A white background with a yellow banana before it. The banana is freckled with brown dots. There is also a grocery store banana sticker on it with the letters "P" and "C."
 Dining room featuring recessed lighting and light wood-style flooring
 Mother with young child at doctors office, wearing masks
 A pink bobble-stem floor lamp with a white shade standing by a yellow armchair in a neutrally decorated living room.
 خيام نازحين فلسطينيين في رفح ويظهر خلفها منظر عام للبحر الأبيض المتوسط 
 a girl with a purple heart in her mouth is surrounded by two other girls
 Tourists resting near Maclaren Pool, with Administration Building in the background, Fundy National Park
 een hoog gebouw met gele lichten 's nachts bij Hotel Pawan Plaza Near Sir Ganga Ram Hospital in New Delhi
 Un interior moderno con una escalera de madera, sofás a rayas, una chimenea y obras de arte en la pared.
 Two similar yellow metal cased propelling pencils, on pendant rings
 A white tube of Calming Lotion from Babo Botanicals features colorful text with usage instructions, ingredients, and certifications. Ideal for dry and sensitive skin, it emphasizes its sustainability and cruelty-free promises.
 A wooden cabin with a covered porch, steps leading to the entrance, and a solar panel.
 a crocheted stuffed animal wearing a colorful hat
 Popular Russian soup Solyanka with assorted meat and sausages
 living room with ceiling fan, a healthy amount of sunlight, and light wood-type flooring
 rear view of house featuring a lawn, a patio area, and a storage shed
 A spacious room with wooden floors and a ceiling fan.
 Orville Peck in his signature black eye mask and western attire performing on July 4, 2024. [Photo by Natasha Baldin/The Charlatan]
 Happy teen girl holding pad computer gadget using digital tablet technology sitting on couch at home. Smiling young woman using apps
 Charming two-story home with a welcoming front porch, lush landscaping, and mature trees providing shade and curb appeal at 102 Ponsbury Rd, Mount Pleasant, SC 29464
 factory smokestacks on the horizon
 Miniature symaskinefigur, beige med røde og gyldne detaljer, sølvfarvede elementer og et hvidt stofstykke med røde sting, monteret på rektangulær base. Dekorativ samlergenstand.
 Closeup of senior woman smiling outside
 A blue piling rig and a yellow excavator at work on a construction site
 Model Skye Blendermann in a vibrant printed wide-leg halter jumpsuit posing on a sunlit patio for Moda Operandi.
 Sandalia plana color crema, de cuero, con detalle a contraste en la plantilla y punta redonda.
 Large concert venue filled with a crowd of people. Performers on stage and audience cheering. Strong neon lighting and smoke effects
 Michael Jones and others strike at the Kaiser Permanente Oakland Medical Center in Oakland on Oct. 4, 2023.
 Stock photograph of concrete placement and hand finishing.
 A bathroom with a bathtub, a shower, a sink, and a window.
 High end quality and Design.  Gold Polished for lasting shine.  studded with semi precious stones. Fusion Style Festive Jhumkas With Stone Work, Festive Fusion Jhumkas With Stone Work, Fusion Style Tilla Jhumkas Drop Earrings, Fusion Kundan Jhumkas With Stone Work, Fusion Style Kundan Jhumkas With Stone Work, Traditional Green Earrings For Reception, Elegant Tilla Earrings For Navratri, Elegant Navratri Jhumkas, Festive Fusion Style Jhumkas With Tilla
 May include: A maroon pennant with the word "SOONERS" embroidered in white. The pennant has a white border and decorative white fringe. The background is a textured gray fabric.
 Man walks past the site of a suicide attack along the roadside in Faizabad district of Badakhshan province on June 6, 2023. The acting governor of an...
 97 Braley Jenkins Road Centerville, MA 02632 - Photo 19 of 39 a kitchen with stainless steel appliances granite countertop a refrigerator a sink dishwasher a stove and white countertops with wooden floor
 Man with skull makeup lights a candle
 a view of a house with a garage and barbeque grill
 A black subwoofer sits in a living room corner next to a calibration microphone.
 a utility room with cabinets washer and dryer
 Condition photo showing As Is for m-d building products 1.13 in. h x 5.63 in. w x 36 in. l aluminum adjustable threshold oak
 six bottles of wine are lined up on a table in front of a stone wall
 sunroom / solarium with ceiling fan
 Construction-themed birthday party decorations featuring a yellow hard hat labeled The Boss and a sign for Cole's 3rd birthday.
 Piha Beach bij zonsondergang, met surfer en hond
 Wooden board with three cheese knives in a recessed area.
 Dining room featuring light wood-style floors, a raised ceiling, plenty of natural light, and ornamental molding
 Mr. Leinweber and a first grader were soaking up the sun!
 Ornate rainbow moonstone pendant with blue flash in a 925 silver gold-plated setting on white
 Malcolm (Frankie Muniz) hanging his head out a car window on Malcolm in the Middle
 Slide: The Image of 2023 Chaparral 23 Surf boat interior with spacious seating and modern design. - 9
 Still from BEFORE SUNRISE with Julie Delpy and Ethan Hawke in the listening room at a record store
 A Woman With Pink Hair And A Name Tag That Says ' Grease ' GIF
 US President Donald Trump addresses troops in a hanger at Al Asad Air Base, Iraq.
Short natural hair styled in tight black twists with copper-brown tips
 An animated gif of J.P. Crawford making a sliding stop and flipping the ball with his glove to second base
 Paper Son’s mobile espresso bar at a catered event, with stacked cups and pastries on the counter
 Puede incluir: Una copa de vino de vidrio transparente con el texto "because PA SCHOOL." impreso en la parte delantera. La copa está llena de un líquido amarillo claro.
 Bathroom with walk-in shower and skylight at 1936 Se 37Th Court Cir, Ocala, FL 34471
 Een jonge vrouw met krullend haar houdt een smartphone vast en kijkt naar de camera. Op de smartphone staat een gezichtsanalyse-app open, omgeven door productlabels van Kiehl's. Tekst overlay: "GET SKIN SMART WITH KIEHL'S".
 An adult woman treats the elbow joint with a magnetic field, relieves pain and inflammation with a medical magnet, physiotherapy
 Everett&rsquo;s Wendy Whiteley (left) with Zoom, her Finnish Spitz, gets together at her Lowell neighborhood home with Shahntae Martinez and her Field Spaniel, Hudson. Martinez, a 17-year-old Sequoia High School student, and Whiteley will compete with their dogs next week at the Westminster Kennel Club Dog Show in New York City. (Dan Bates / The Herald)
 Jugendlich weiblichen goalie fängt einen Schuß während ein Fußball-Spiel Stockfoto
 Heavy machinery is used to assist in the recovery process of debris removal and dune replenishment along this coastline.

**Task item:** Your answer should consist solely of the lines above from the line with "US President Donald" to the line with "Jugendlich weiblichen goalie", both included, reproduced exactly.

**Answer for the task:**
 US President Donald Trump addresses troops in a hanger at Al Asad Air Base, Iraq.
Short natural hair styled in tight black twists with copper-brown tips
 An animated gif of J.P. Crawford making a sliding stop and flipping the ball with his glove to second base
 Paper Son’s mobile espresso bar at a catered event, with stacked cups and pastries on the counter
 Puede incluir: Una copa de vino de vidrio transparente con el texto "because PA SCHOOL." impreso en la parte delantera. La copa está llena de un líquido amarillo claro.
 Bathroom with walk-in shower and skylight at 1936 Se 37Th Court Cir, Ocala, FL 34471
 Een jonge vrouw met krullend haar houdt een smartphone vast en kijkt naar de camera. Op de smartphone staat een gezichtsanalyse-app open, omgeven door productlabels van Kiehl's. Tekst overlay: "GET SKIN SMART WITH KIEHL'S".
 An adult woman treats the elbow joint with a magnetic field, relieves pain and inflammation with a medical magnet, physiotherapy
 Everett&rsquo;s Wendy Whiteley (left) with Zoom, her Finnish Spitz, gets together at her Lowell neighborhood home with Shahntae Martinez and her Field Spaniel, Hudson. Martinez, a 17-year-old Sequoia High School student, and Whiteley will compete with their dogs next week at the Westminster Kennel Club Dog Show in New York City. (Dan Bates / The Herald)
 Jugendlich weiblichen goalie fängt einen Schuß während ein Fußball-Spiel Stockfoto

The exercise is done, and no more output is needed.